En este escenario, Derecho y violencia parecen ser las dos caras de una misma moneda. Y en esta moneda largamente compartida, el enfrentamiento entre ambas puede ser inmediato e inevitable. Si vence el Derecho, vencerá la Historia, la estabilidad, la ciudadanía y el futuro. Si vence la violencia, aparece la arbitrariedad, la confrontación, la discrecionalidad, la indefensión y la reiterada manipulación histórica. Y frente a esta cruda realidad, ¿qué hacer? Dialogar, dirá la mayoría. Sí, pero dentro de la Ley. Porque sin respeto a la Ley, no hay Estado de Derecho, y sin éste, no hay Democracia, y sin ésta, no hay igualdad, ni solidaridad. Sí, porque sin la Ley, a buen seguro el embrión del totalitarismo seguirá creciendo día tras día. Es lo que ellos quieren. Y lo quieren, porque de esto viven. Pero es lo que un Estado de Derecho –si se tiene como tal– nunca puede tolerar. De hacerlo, claudicaría la razón, el Derecho y el Estado-Nación. Una traición que nuestro país no se merece.
Y nosotros, la sociedad civil, ¿qué debemos hacer? Exigir la regeneración de una política que ha olvidado que la Historia, como el Derecho, no es una barrera o una frontera, ni un escudo, ni una lengua hablada, escrita u olvidada: es la parte más sagrada de una sociedad y de una civilización a la que no se le debe manipular con eslóganes vacíos, hueca palabrería y mezquina política. Debe exigir la regeneración de esa política baldía que no busca otra cosa que alcanzar la poltrona del poder, para imponer su concepto de vida y de país. No el nuestro. Ni el de nuestros padres. El suyo. Ese que nadie sabe hacia dónde va, pero que algunos “listillos de pacotilla” sitúan en alguna república dictatorial y bananera. ¡Pobre política! ¡Pobre país!

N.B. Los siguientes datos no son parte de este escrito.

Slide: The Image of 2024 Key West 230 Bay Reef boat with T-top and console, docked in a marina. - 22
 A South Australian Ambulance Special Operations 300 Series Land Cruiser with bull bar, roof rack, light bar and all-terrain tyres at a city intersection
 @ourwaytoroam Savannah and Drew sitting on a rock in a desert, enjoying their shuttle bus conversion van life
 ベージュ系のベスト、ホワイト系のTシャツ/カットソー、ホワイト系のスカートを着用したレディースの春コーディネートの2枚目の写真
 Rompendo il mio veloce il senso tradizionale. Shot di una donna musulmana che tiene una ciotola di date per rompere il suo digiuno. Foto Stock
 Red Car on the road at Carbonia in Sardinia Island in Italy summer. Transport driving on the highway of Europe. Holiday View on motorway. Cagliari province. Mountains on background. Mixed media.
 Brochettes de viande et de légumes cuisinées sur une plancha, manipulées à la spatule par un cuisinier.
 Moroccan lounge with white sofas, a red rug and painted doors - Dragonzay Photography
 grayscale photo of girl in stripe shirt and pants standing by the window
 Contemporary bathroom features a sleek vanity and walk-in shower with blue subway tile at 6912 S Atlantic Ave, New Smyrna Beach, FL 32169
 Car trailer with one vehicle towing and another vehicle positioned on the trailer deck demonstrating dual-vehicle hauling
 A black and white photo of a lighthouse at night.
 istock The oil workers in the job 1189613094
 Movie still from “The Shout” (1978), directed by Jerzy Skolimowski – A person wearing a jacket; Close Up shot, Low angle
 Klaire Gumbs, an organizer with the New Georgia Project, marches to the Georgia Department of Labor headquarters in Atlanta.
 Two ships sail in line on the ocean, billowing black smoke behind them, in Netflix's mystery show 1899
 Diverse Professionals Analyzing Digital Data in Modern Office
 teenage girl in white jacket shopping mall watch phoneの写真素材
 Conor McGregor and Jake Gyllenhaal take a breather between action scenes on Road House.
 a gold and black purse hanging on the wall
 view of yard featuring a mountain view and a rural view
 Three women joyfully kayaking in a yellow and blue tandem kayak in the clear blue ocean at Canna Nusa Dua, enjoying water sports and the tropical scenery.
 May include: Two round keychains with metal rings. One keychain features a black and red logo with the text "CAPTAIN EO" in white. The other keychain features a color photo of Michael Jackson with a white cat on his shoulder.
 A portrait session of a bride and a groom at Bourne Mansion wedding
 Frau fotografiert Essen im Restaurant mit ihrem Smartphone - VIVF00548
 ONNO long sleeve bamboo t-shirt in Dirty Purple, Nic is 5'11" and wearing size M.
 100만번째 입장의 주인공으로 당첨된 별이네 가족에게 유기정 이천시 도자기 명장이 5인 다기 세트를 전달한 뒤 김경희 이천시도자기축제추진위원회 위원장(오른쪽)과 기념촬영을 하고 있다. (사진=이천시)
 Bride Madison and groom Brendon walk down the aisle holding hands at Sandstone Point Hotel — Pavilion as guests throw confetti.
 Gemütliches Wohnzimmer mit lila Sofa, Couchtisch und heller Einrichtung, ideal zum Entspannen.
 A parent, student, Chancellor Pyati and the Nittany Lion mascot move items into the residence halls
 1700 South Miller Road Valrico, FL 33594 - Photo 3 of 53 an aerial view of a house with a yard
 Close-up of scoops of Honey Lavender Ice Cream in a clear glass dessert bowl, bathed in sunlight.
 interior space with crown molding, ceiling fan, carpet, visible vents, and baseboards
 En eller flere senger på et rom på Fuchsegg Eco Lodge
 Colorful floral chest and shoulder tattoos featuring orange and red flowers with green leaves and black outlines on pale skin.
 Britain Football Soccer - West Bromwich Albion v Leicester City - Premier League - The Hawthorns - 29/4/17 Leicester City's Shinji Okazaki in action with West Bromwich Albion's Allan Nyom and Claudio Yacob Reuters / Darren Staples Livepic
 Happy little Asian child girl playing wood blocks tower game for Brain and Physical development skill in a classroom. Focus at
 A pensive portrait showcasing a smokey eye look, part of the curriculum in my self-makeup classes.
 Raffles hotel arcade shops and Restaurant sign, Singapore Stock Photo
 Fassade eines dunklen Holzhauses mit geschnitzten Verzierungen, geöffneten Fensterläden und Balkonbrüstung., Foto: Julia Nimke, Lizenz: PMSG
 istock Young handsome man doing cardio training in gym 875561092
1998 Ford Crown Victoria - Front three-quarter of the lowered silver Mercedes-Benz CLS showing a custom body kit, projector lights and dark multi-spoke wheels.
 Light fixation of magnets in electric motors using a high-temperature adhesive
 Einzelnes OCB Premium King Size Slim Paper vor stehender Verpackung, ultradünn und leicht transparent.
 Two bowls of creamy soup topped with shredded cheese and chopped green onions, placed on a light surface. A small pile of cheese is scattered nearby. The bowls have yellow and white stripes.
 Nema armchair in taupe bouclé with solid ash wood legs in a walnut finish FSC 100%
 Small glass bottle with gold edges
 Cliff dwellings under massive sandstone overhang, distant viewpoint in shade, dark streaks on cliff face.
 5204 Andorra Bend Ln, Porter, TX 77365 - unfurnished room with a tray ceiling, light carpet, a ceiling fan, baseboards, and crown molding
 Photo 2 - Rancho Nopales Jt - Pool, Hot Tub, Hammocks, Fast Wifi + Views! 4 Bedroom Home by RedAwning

Y cuando todo esto ocurre, nosotros, los ciudadanos de a pie, no nos podemos quedar silentes, esperando a que los demás solucionen una realidad que otros emborronan a diario. Debemos, y podemos, recordar a los partidos, al menos a los que son democráticos, que el Derecho implica legalidad y legitimidad. Como entraña el sometimiento y el control al Poder. Sin estas premisas, no hay poder, ni hay Derecho. Solo la arbitrariedad y la tiranía que algunos tanto añoran.
Lo reconozco: el reto es difícil. Pero no imposible.»